Thursday, March 07, 2013
review: The Carpenter's pencil by Manuel Rivas
In a nutshell a young left-wing political activist Dr Daniel Da Barca is an eloquent speaker and supporter of the left-wing cause and along with his girlfriend Marisa they seem to be the perfect couple. But jealousy burns in the heart of Herbal who is an agent for the other side and he gets his chance to split the couple when civil war breaks out.
The Dr is taken to a harsh prison and there is punished not so much for his political views but because of who he is. He conjures up images of beauty that lift him and some of his other prisoners out of misery. There is a scene that is unforgettable where he describes a feast of food that manages to comfort his fellow undernourished inmates.
All the time though there is a hostility from Herbal and if anyone hoped that Marisa would give up her love they are mistaken and she goes as far as to attempt suicide. She dreams that she will be reunited with her lover but even her own father is determined to destroy her happiness.
The title comes from the moment when Herbal picks up a carpenters pencil that is dropped by a prisoner on his way to be tortured and murdered, and it lingers in his possession becoming something he uses to draw with. That pencil comes to symbolise the independence of thought that cannot be crushed no matter how ugly the torture.

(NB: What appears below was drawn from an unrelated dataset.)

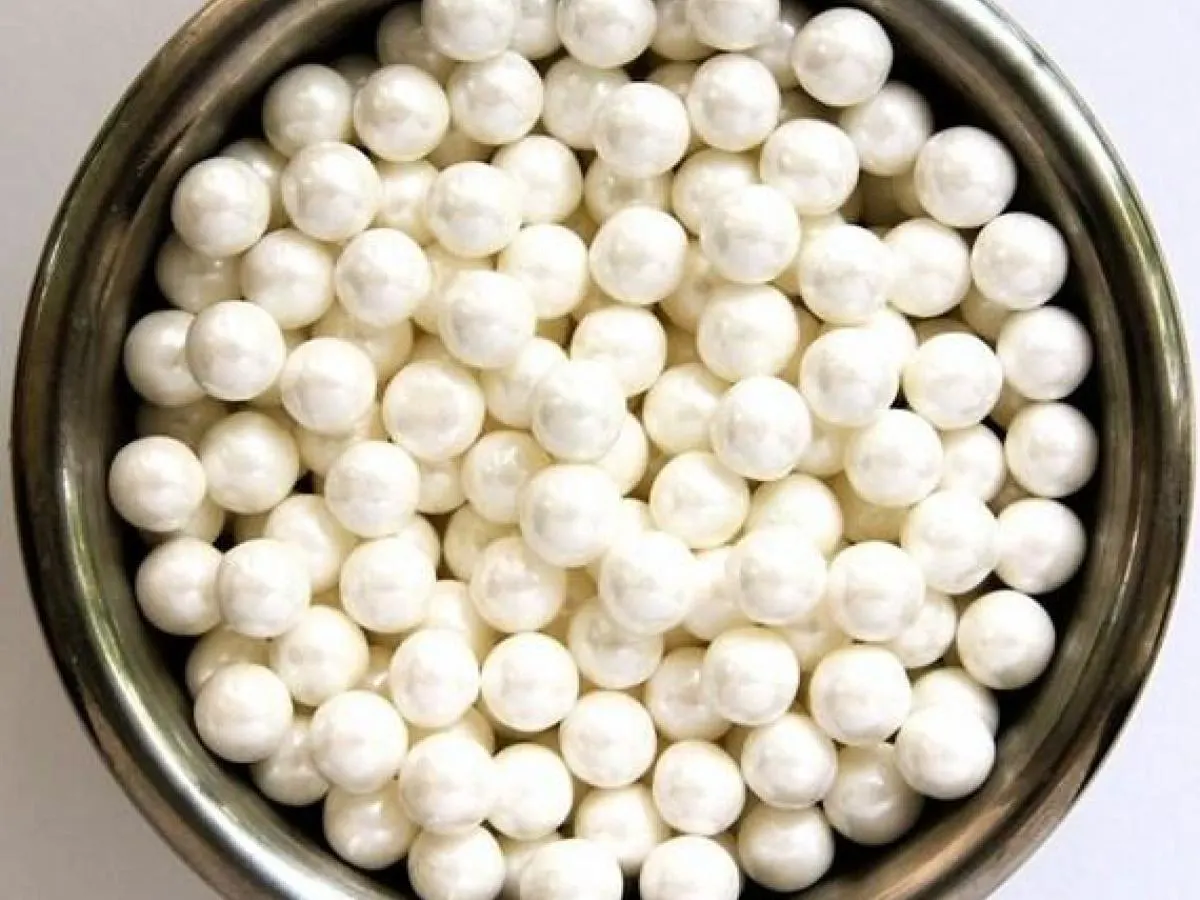 Edible Pearl Candies Edible Pearl Candies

Told as a story of the past with da Barca returning to a post-Franco Spain this love story is hauntingly memorable. The ugliness that war, particularly civil war, can create allows those suffering from jealously caused by unrequited love, intellectual inferiority and base hatred to flourish. You hold onto the idea that ultimately if you are strong enough the mind can be a refugee. The imagination can be a very powerful thing. As Stalin once said: "we would not give our enemies guns so why should we let them have ideas".